Stacker Nobody asked about the most shocking thing new programmers find as they enter the field.
Very high on the list, is the impact of inheriting a codebase with which one must rapidly become acquainted. It can be quite a shock to suddenly find yourself charged with maintaining N lines of code that has been clobbered together for who knows how long, and to have a short time in which to start contributing to it.
How do you efficiently absorb all this new data? What eases this transition? Is the only real solution to have already contributed to enough open-source projects that the shock wears off?
This also applies to veteran programmers. What techniques do you use to ease the transition into a new codebase?
I added the Community-Building tag to this because I'd also like to hear some war-stories about these transitions. Feel free to share how you handled a particularly stressful learning curve.
Pencil & Notebook ( don't get distracted trying to create a unrequested solution)
Make notes as you go and take an hour every monday to read thru and arrange the notes from previous weeks
with large codebases first impressions can be deceiving and issues tend to rearrange themselves rapidly while you are familiarizing yourself.
Remember the issues from your last work environment aren't necessarily valid or germane in your new environment. Beware of preconceived notions.
The notes/observations you make will help you learn quickly what questions to ask and of whom.
Hopefully you've been gathering the names of all the official (and unofficial) stakeholders.
One of the best ways to familiarize yourself with inherited code is to get your hands dirty. Start with fixing a few simple bugs and work your way into more complex ones. That will warm you up to the code better than trying to systematically review the code.
If there's a requirements or functional specification document (which is hopefully up-to-date), you must read it.
If there's a high-level or detailed design document (which is hopefully up-to-date), you probably should read it.
Another good way is to arrange a "transfer of information" session with the people who are familiar with the code, where they provide a presentation of the high level design and also do a walk-through of important/tricky parts of the code.
Write unit tests. You'll find the warts quicker, and you'll be more confident when the time comes to change the code.
Try to understand the business logic behind the code.
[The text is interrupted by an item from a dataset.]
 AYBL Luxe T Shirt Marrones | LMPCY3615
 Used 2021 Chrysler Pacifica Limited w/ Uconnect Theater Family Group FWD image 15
Once you know why the code was written in the first place and what it is supposed to do, you can start reading through it, or as someone said, prolly fixing a few bugs here and there
My steps would be:
1.) Setup a source insight( or any good source code browser you use) workspace/project with all the source, header files, in the code base. Browsly at a higher level from the top most function(main) to lowermost function. During this code browsing, keep making notes on a paper/or a word document tracing the flow of the function calls. Do not get into function implementation nitti-gritties in this step, keep that for a later iterations. In this step keep track of what arguments are passed on to functions, return values, how the arguments that are passed to functions are initialized how the value of those arguments set modified, how the return values are used ?
2.) After one iteration of step 1.) after which you have some level of code and data structures used in the code base, setup a MSVC (or any other relevant compiler project according to the programming language of the code base), compile the code, execute with a valid test case, and single step through the code again from main till the last level of function. In between the function calls keep moting the values of variables passed, returned, various code paths taken, various code paths avoided, etc.
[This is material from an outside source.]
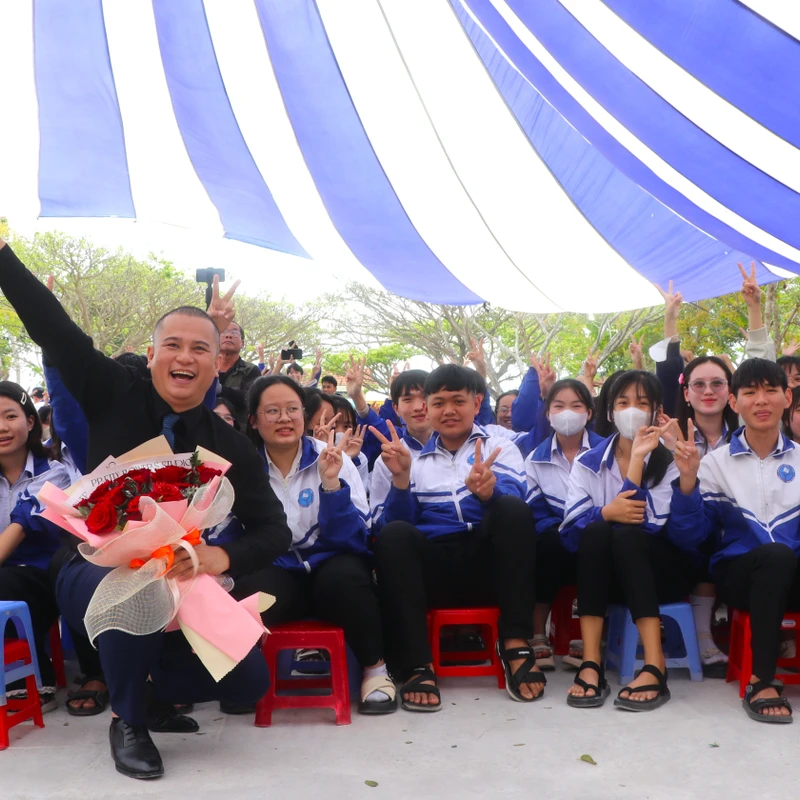 Chương trình “Đánh thức khát vọng tuổi trẻ”: Truyền cảm hứng cho đoàn viên thanh niên và học sinh Đak Pơ. Ảnh: Ngọc Minh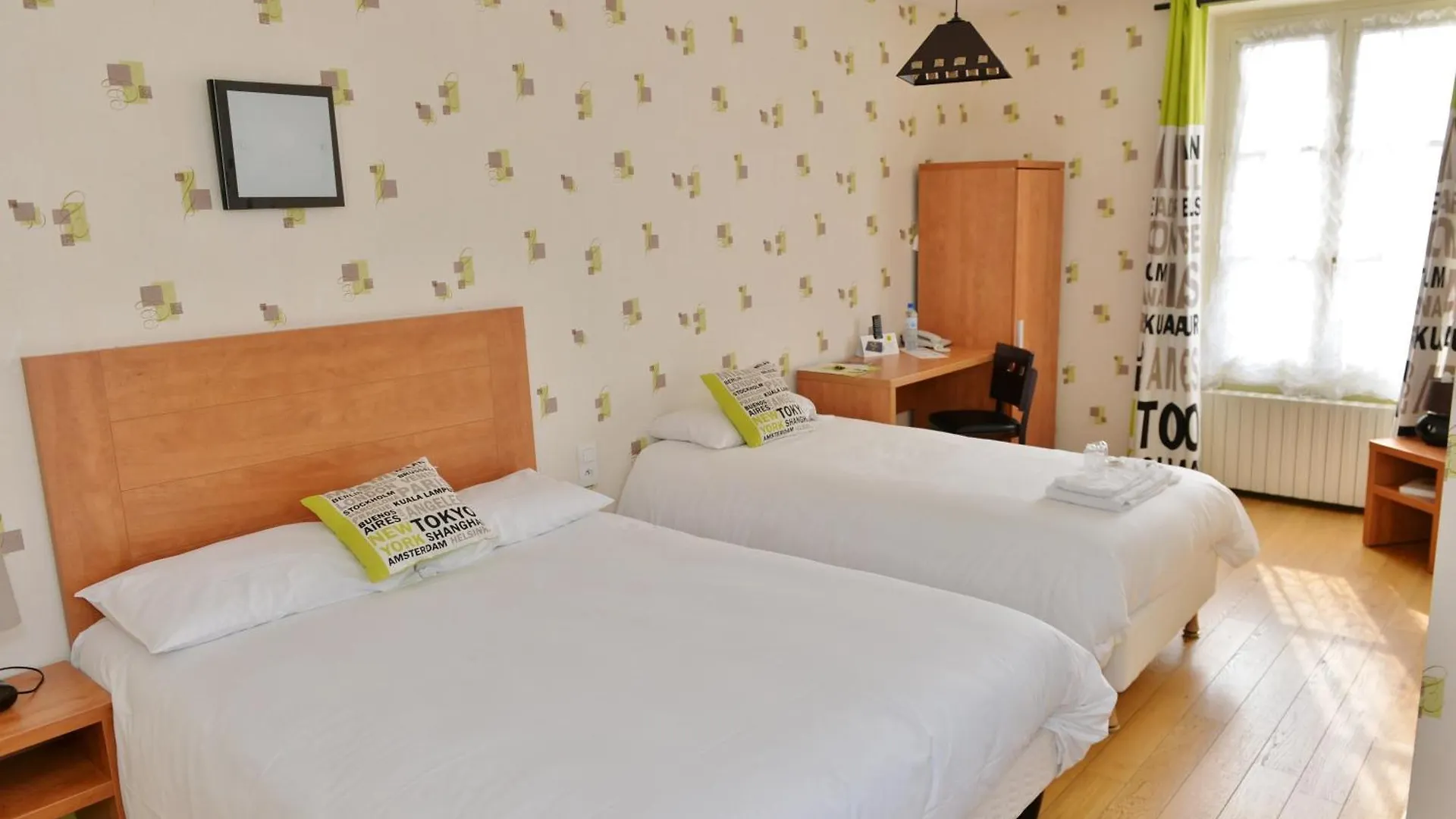 Logis Hotel De La Poste Mornant 0*,  Frankrijk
3.) Keep repeating 1.) and 2.) in iteratively till you are comfortable up to a point that you can change some code/add some code/find a bug in exisitng code/fix the bug!
-AD
I don't know about this being "the best way", but something I did at a recent job was to write a code spider/parser (in Ruby) that went through and built a call tree (and a reverse call tree) which I could later query. This was slightly non-trivial because we had PHP which called Perl which called SQL functions/procedures. Any other code-crawling tools would help in a similar fashion (i.e. javadoc, rdoc, perldoc, Doxygen etc.).
Reading any unit tests or specs can be quite enlightening.
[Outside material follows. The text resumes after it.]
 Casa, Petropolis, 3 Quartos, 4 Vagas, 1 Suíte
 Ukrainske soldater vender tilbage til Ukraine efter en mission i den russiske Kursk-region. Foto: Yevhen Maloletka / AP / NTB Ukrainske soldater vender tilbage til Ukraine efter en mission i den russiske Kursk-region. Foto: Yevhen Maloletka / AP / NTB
Documenting things helps (either for yourself, or for other teammates, current and future). Read any existing documentation.
Of course, don't underestimate the power of simply asking a fellow teammate (or your boss!) questions. Early on, I asked as often as necessary "do we have a function/script/foo that does X?"
Go over the core libraries and read the function declarations. If it's C/C++, this means only the headers. Document whatever you don't understand.
The last time I did this, one of the comments I inserted was "This class is never used".
Do try to understand the code by fixing bugs in it. Do correct or maintain documentation. Don't modify comments in the code itself, that risks introducing new bugs.
In our line of work, generally speaking we do no changes to production code without good reason. This includes cosmetic changes; even these can introduce bugs.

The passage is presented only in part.